**ACTIVITY**
Find the line containing "Appartamento in vendita a Municipio 2, Puglia" in the entries; transcribe it and all remaining lines through the end, exactly as they appear, but not the pictures.

**INFORMATION SUPPLIED**
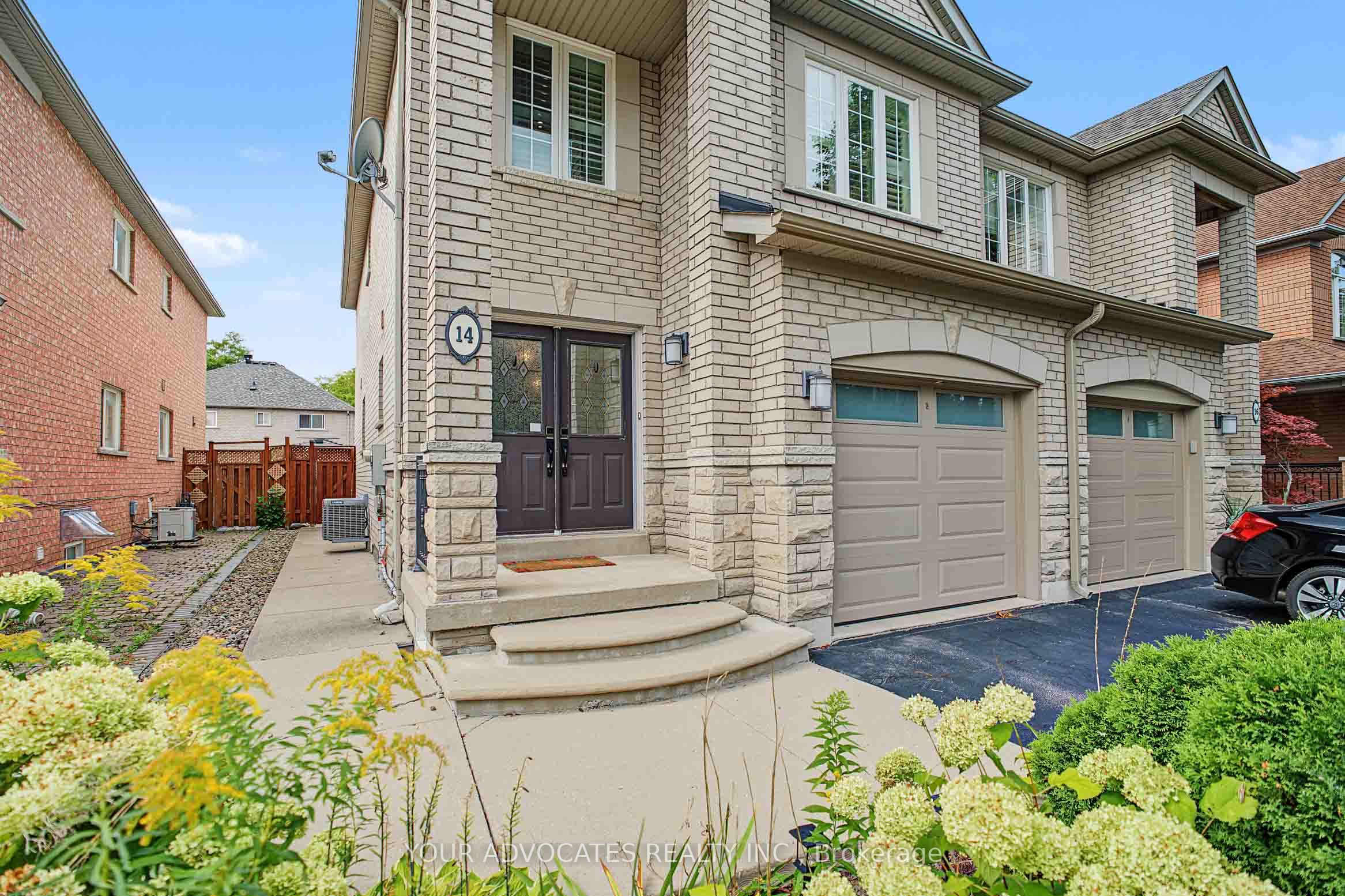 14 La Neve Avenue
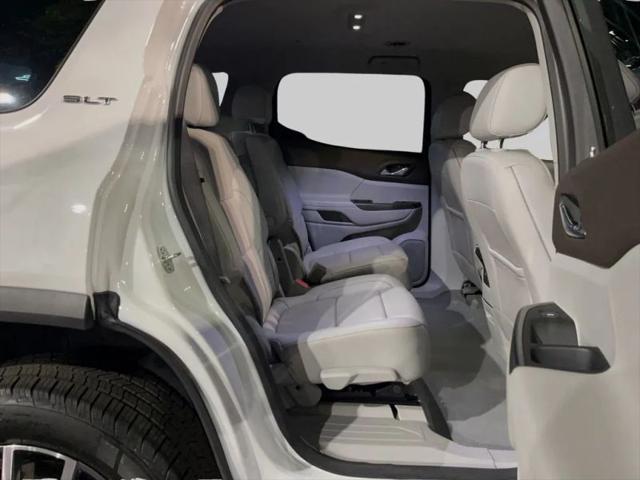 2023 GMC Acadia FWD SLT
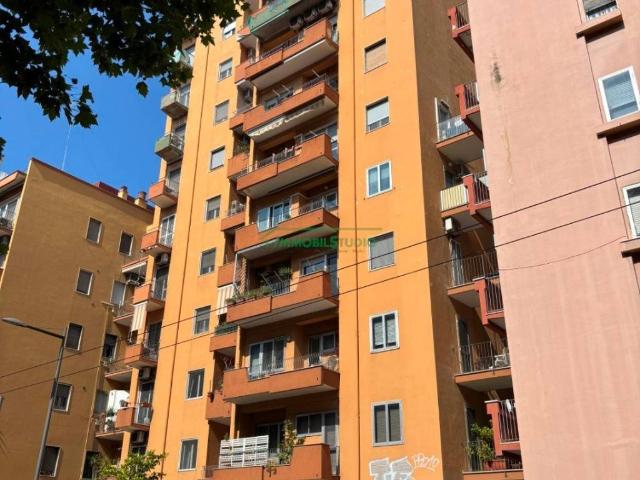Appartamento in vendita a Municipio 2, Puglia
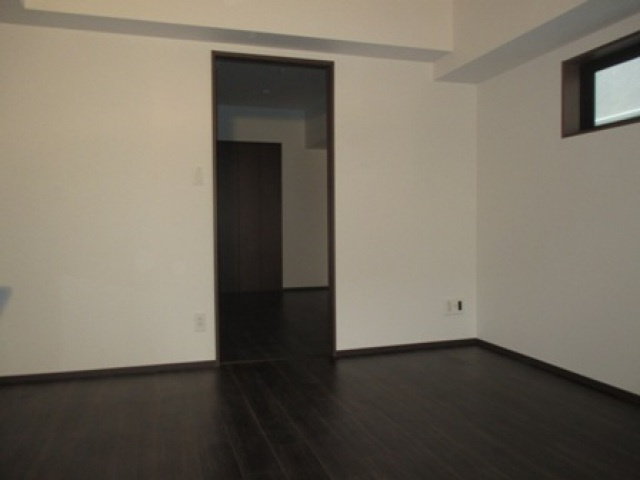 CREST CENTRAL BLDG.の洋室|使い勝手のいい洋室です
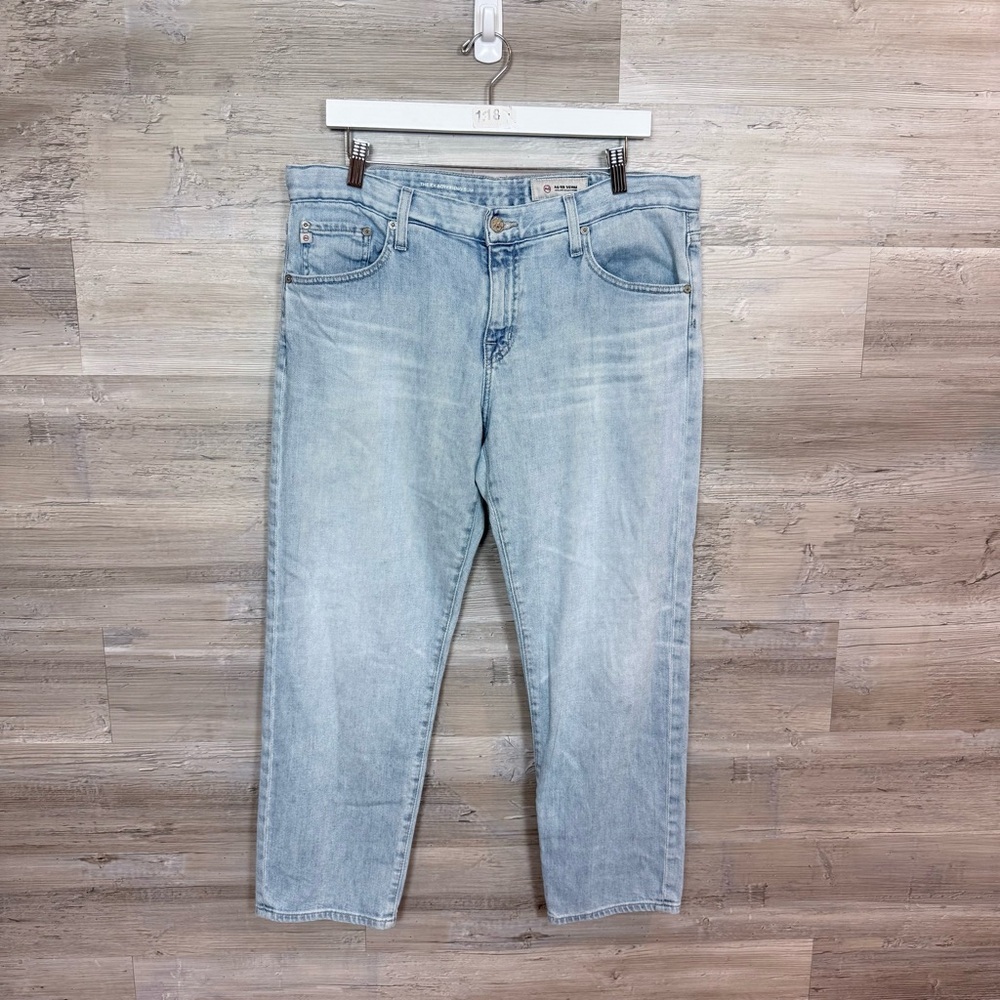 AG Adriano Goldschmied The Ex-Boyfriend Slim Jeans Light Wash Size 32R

**ANSWER BOX**
Appartamento in vendita a Municipio 2, Puglia
 CREST CENTRAL BLDG.の洋室|使い勝手のいい洋室です
 AG Adriano Goldschmied The Ex-Boyfriend Slim Jeans Light Wash Size 32R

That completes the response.